How to complete this task: Please give the count of lines in the listing underneath that hold "Living", leaving out everything else.

Raw data:

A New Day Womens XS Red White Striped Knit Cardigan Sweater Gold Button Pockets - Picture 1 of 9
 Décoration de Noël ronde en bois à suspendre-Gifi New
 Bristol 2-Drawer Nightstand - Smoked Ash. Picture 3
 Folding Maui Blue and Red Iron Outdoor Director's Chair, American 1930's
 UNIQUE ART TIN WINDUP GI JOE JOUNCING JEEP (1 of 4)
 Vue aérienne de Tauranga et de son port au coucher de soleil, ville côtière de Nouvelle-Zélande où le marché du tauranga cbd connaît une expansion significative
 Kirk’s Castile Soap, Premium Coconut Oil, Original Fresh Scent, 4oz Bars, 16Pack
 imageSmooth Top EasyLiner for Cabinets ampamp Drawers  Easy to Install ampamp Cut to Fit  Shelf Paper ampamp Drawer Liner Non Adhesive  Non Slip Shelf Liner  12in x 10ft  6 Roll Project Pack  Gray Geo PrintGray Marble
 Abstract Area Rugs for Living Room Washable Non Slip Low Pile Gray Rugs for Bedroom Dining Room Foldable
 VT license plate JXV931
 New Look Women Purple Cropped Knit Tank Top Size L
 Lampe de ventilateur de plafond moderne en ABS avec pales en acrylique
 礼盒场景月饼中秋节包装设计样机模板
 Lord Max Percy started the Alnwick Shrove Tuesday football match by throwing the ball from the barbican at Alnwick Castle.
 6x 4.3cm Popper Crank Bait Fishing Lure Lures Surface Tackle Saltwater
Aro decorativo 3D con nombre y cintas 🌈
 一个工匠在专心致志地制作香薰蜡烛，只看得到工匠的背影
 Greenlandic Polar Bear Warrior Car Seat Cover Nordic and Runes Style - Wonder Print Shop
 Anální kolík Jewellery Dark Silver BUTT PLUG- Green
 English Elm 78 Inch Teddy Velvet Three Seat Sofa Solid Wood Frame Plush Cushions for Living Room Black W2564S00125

Solution to this task: 2